首页 -> 2006年第13期

罗兰·巴特《恋人絮语》的解析

作者:胡 青




  1975年1月,罗兰·巴特在巴黎高师开了个讨论班,选择的文本是歌德的《少年维特之烦恼》,初衷是讨论拆解语言,摆弄语言的“外衣”,研究一种话语——即情话——恋人的絮语、独自的特性。维特是充满激情的思辨型恋人的原型,他的一派痴语是典型的恋人情话。讨论班的聚焦点不是这部文学名著本身,而是其中恋人的倾吐方式和絮语的载体。两年后,巴特发现自己陷入了一种“双项运动”的不知不觉之中,他已将自己的情感轨迹和心路历程倾注到书中的情境里去了。最后是水乳交融,落入以一个类似庄生梦蝶的迷惘格局。更有甚者,参加讨论班的才子情种们又都在他们的发言中倾注了自己的生活体验和感受。于是巴特改变了初衷,讨论班的结晶——《恋人絮语》不再是关于情话的论述,不再是诉诸一种一板一眼的科学语言来笼统地概括描述情话,而是一种新的文体,一种虚构的文字。
  《恋人絮语》的结构匠心旨在反恋爱故事的结构。诸篇章常常以某些生动的场景或情境起首,完全可以任其自然的衍生出一个个爱情场景或故事。但是行文却常常嘎然而止。巴特神往的就是“恋人心中掀起的语言波澜的湍流”(就像诗人叶芝从飞旋的舞姿中瞥见一种永恒的和谐一样)。“像一个细心的厨师,他留意不让语言变稠,变粘”(莱奇《解构主义引论》)。
  《恋人絮语》的结构设想就是要碎拆习见的恋爱故事结构,即使是片断情景的排列也不是依从常人所理解的爱情发展顺序的。

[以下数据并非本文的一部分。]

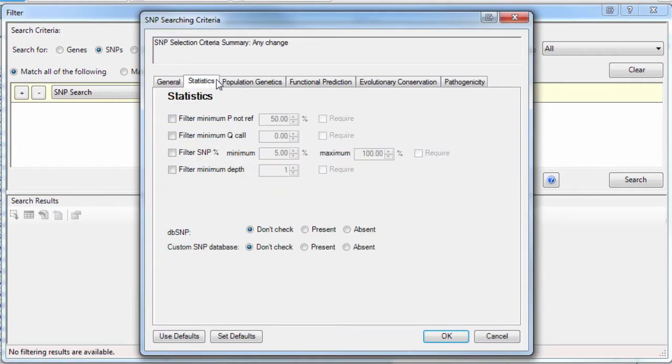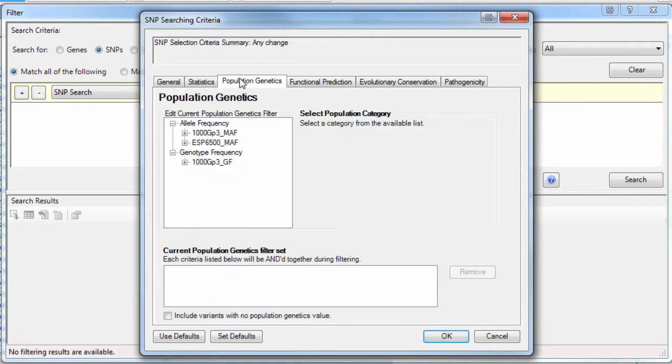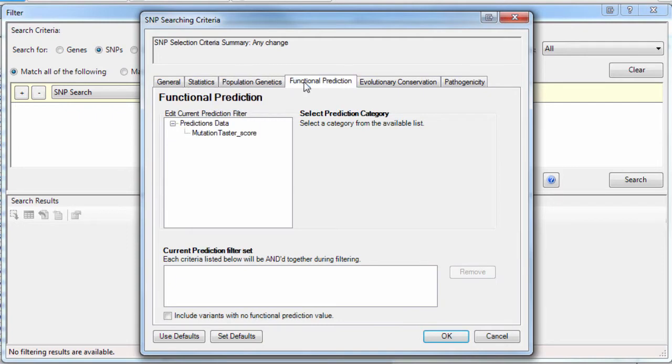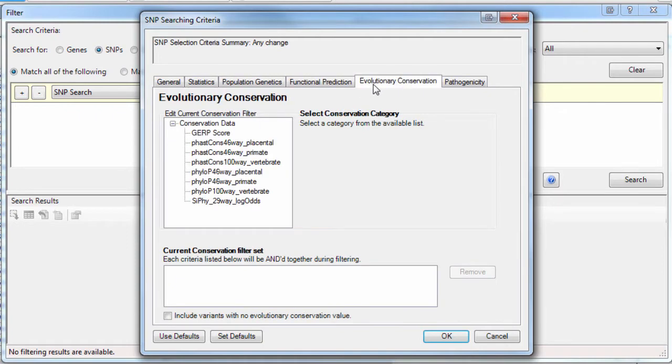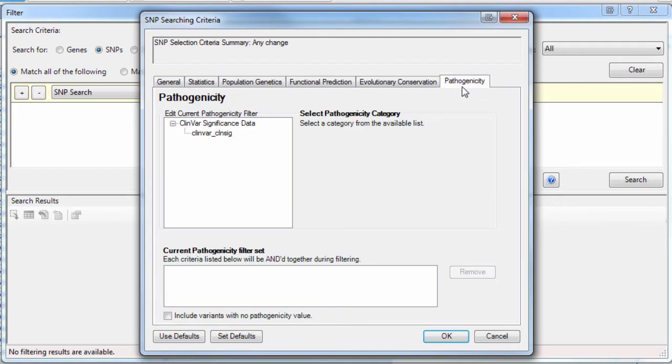This includes our Integrated Variant Annotation Database, which allows you to locate important variants in human datasets based on population genetics, functional predictions, conservation, pathogenicity, and clinical significance.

  全书的主要情境是按字母顺序排列的。其用心在于,避免导致某种误会——似乎著者在煞费苦心的排列要传递某种“爱情哲学”或“某种思想体系”——而正是巴特所要避免的。书中的所谓“恋人”是一个复合体:春节幻想的恋人与智慧深邃的作者的结合,想象的激情与冷静的自制(表现力)的统一。巴特的反恋爱故事,即着力表现恋人的想象激情,而不是“故事”或“正确表达”。这种辞典式的罗列形式透出了一种冷静,是一种不加掩饰、文饰的表达方式,似乎告诉人们这里面既没有隐私,也不是什么自白,同时也揭示了恋人并不是个什么不同凡响的人杰,而只是一个在习见与陈词中挑拣的现代文化人。恋人在表演懒人的角色,这个角色由习俗陈规决定;艺术提供给他感觉、情绪和词句。她的痛苦是可望不可及而产生的焦虑;他无法越过陈规的雷池以更直接的形式实现他的渴求。他不得不对符号加上延长的虚线(延长线)。巴特的独特之处是富于擒拿过后的符号学色彩。

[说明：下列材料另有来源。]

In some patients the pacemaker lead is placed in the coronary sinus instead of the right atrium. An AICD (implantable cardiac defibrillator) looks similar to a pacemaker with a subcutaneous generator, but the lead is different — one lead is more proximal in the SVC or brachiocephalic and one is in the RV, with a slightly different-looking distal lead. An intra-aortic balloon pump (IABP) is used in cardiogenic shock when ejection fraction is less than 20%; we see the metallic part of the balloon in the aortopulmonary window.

  说到底,《恋人絮语》便是对正在叙述中的恋人的写照,尽管它带有法国文学自十七世纪以来细腻的心理刻画这一传统的印记,但它却不是要表现一个假定的(或特定的)什么人,而是展示了一个充分体现主体意义的“我”,呈现为一种产生、发展、建构、流动、开放的过程。过程的实现完全是凭借语言的构造,语言不是主体意义的表达;相反,是语言铸就了主体,铸就了“我”。因此,《恋人絮语》中的“我”是多元的,不确定的,无性别的,流动的、多声部的。
  在各种情境中,解构恋人所诉说出的话语,而获得不同于话语或文本表面的意义,从而深入到人的内心,探求人的心理活动的细微处。所以虽然这本书的作者罗兰·巴特多以文学批评著称,且此书本来就是因对文本的解读而起,却被我国放入心理学的门下。它带有更多心理学方面的特征。整个文章以及贯穿这部文章的无序与无定向性是解构主义大师巴特向终极意义挑战的一种尝试。这样说来,《恋人絮语》,又是一个典型的解构主义文章。
  
  胡青,华中师范大学文学院硕士研究生。